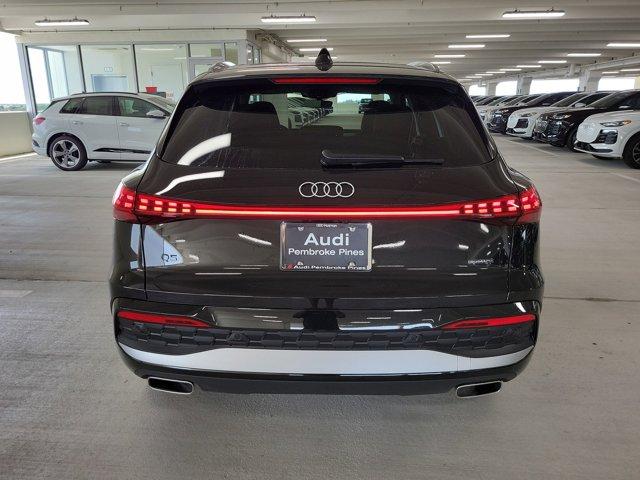 Photo of 2025 Mythos Black Metallic Audi Q5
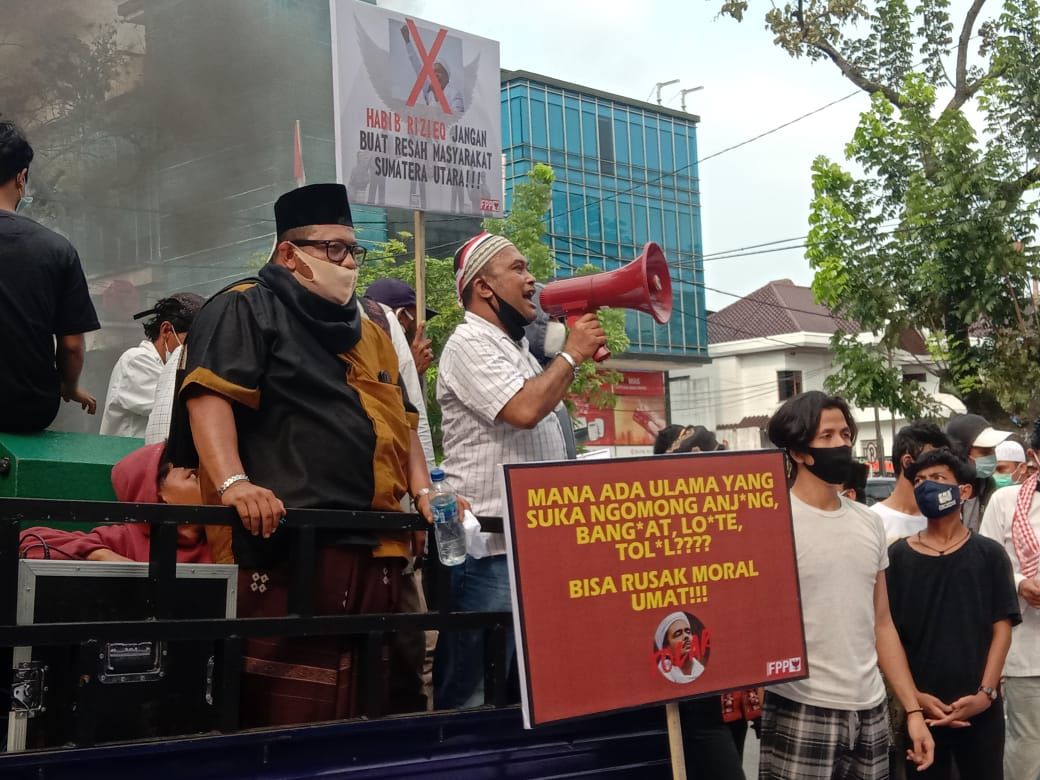 Massa demo tolak kedatangan Habib Rizieq di Medan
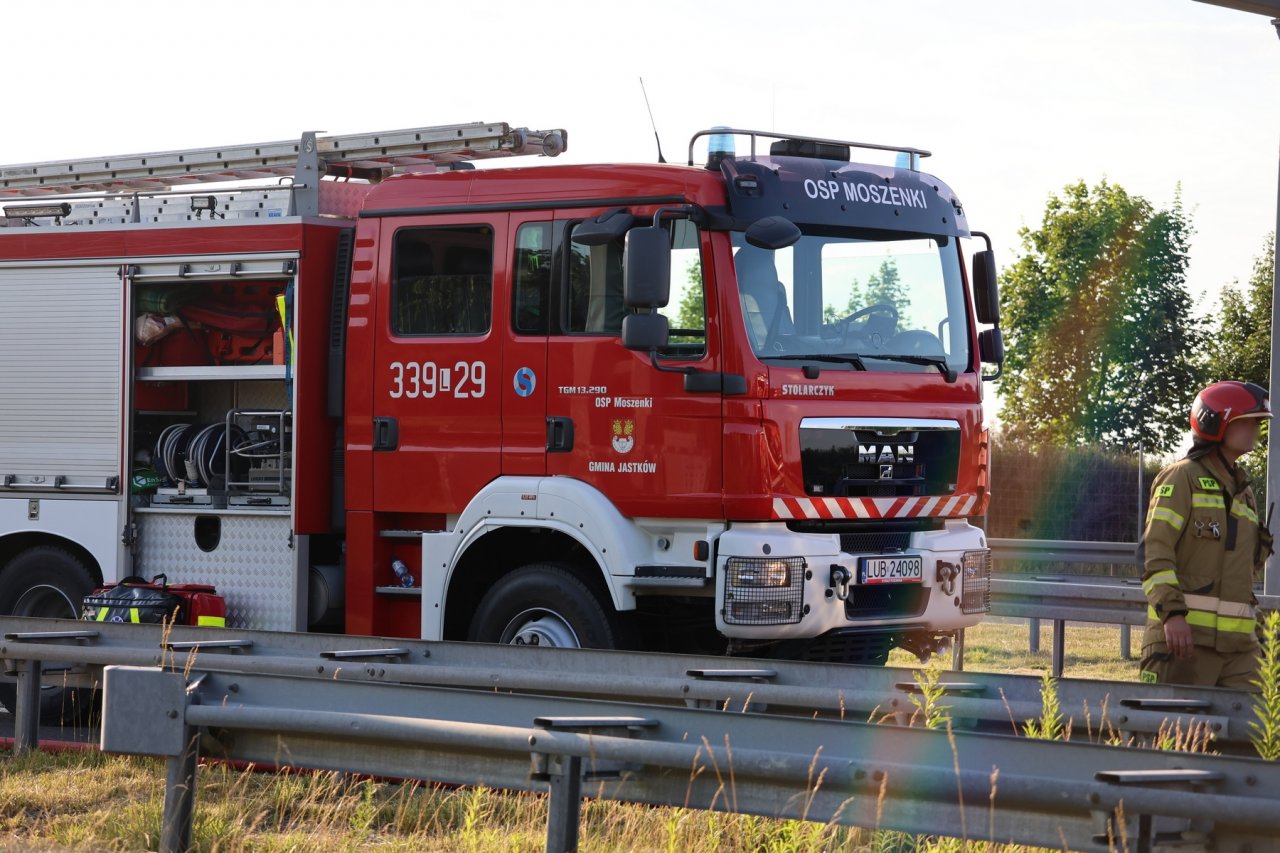 IN8A9686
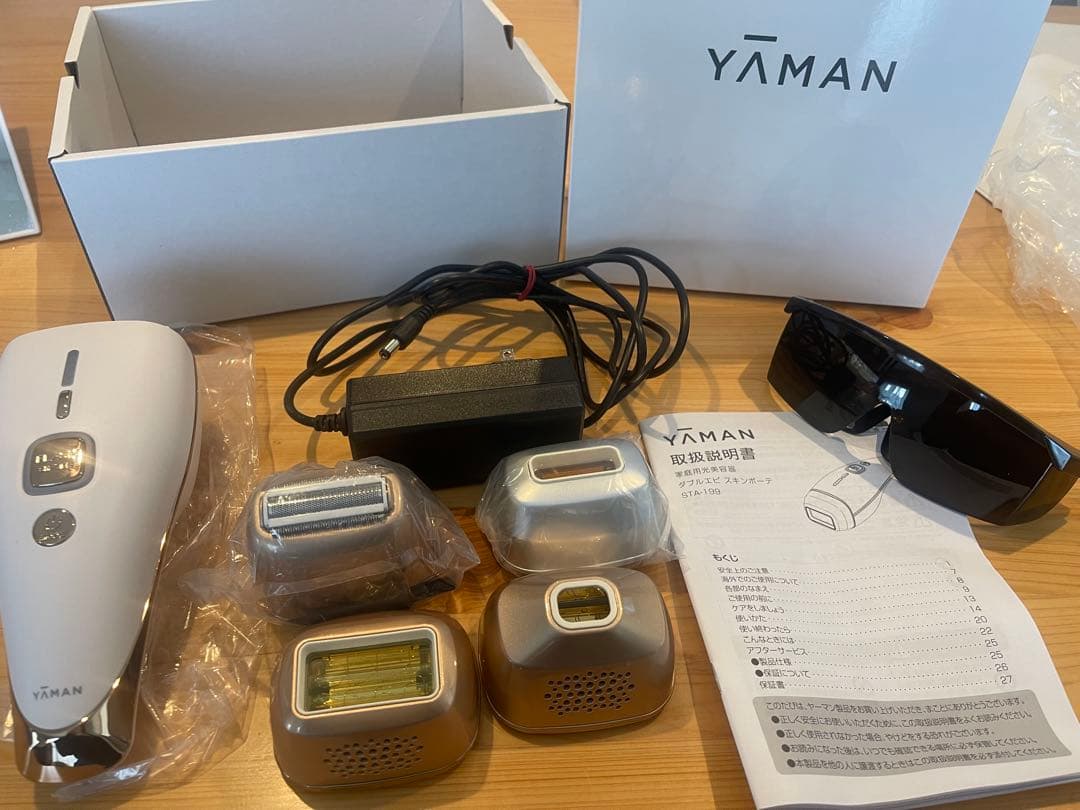 トリートメント・クリーン コーム型美容家電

┄┄┄┄┄┄

Repeat the listing word for word. Leave images out.

 Photo of 2025 Mythos Black Metallic Audi Q5
 Massa demo tolak kedatangan Habib Rizieq di Medan
 IN8A9686
 トリートメント・クリーン コーム型美容家電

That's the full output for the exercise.